- Open Access
Is preoperative core biopsy accurate in determining the hormone receptor status in women with invasive breast cancer?
© Al Sarakbi et al; licensee BioMed Central Ltd. 2005
Received: 14 July 2005
Accepted: 22 August 2005
Published: 22 August 2005
The objective of this study was to determine the concordance rate between core needle biopsy (CNB) and surgical excision of invasive breast cancer regarding the oestrogen receptor (ER) and Progesterone receptor (PgR) status as determined by Immunohistochemistry (IHC).
Hormone receptor status was established using IHC (using quickscore system 0–8) on preoperative CNB and subsequent surgical excision in 93 patients with invasive breast cancer. Results were compared taking into account tumour's size, grade, and patient's age.
The ER concordance rate between CNB and surgical excisions was 95%. The PgR concordance rate was 89%. This shows that CNB has a sensitivity of 97% for ER and 95% for PgR.
There is a positive correlation of ER and PgR between CNB and surgical excision (p < 0.000001).

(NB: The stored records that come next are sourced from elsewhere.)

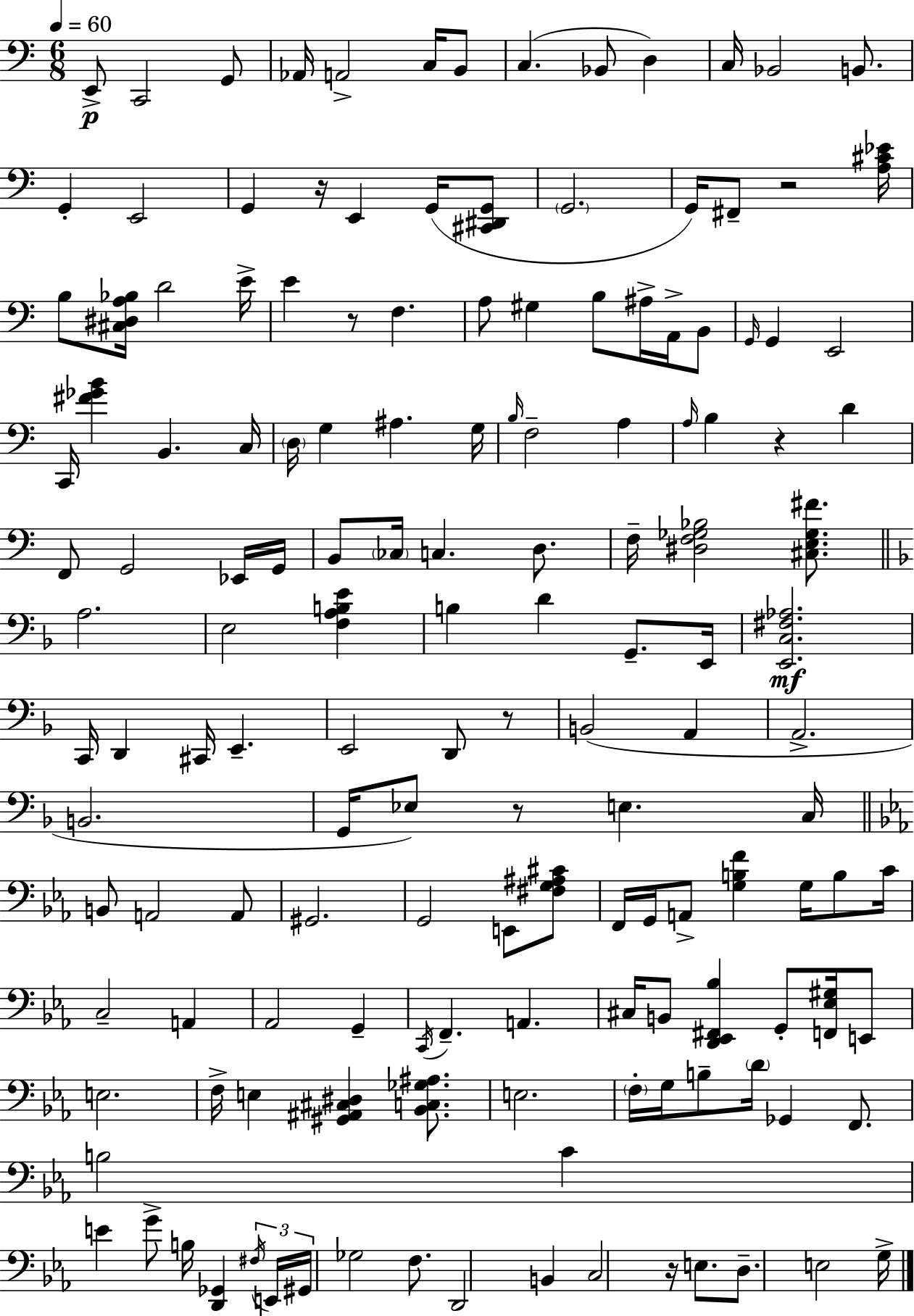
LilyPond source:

{
  \clef bass
  \numericTimeSignature
  \time 6/8
  \key a \minor
  \tempo 4 = 60
  e,8->\p c,2 g,8 | aes,16 a,2-> c16 b,8 | c4.( bes,8 d4) | c16 bes,2 b,8. | \break g,4-. e,2 | g,4 r16 e,4 g,16( <cis, dis, g,>8 | \parenthesize g,2. | g,16) fis,8-- r2 <a cis' ees'>16 | \break b8 <cis dis a bes>16 d'2 e'16-> | e'4 r8 f4. | a8 gis4 b8 ais16-> a,16-> b,8 | \grace { g,16 } g,4 e,2 | \break c,16 <fis' ges' b'>4 b,4. | c16 \parenthesize d16 g4 ais4. | g16 \grace { b16 } f2-- a4 | \grace { a16 } b4 r4 d'4 | \break f,8 g,2 | ees,16 g,16 b,8 \parenthesize ces16 c4. | d8. f16-- <dis f ges bes>2 | <cis e ges fis'>8. \bar "||" \break \key d \minor a2. | e2 <f a b e'>4 | b4 d'4 g,8.-- e,16 | <e, c fis aes>2.\mf | \break c,16 d,4 cis,16 e,4.-- | e,2 d,8 r8 | b,2( a,4 | a,2.-> | \break b,2. | g,16 ees8) r8 e4. c16 | \bar "||" \break \key ees \major b,8 a,2 a,8 | gis,2. | g,2 e,8 <fis g ais cis'>8 | f,16 g,16 a,8-> <g b f'>4 g16 b8 c'16 | \break c2-- a,4 | aes,2 g,4-- | \acciaccatura { c,16 } f,4.-- a,4. | cis16 b,8 <d, ees, fis, bes>4 g,8-. <f, ees gis>16 e,8 | \break e2. | f16-> e4 <gis, ais, cis dis>4 <bes, c ges ais>8. | e2. | \parenthesize f16-. g16 b8-- \parenthesize d'16 ges,4 f,8. | \break b2 c'4 | e'4 g'8-> b16 <d, ges,>4 | \tuplet 3/2 { \acciaccatura { fis16 } e,16 gis,16 } ges2 f8. | d,2 b,4 | \break c2 r16 e8. | d8.-- e2 | g16-> \bar "|."
}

There was no significant difference in the number of core biopsies between concordant and discordant cases.
Preoperative core biopsy is highly sensitive for the IHC detection of ER and PgR in invasive breast cancer. The concordance rate is higher for ER than PgR, which could be due to the fact that ER is more homogeneously distributed.
The core needle biopsy (CNB) is technique increasingly used for the preoperative assessment of breast lesions . Image guidance increases accuracy and reduces the number of false negative cases . The presence of malignancy and tumour's type and grade are routinely reported.

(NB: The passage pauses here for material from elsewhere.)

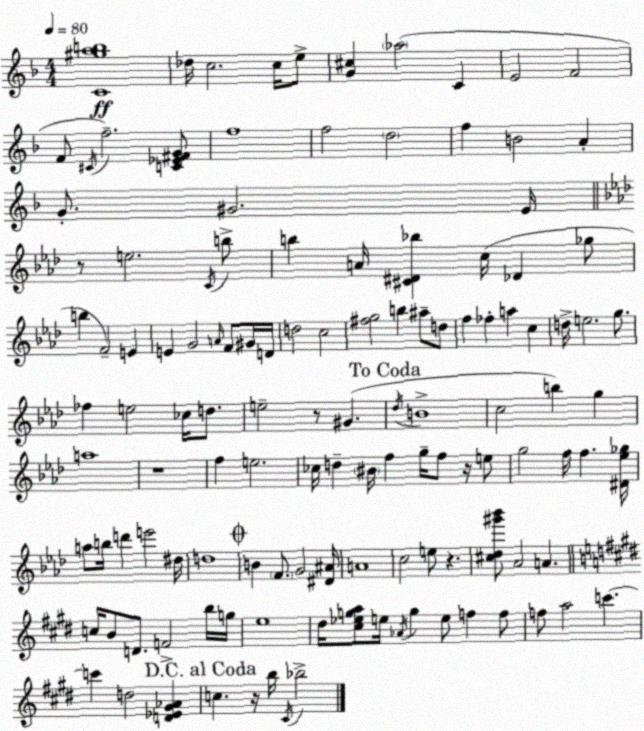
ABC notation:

Hormone receptor status, and especially ER, provides valuable prognostic information and predicts the response to adjuvant and neo-adjuvant systemic treatment .
Traditionally, the hormone receptor status was determined by enzyme immunoassay of ER and PgR proteins. However, this has been replaced gradually by immunohistochemistry (IHC), which has shown an equal reliability .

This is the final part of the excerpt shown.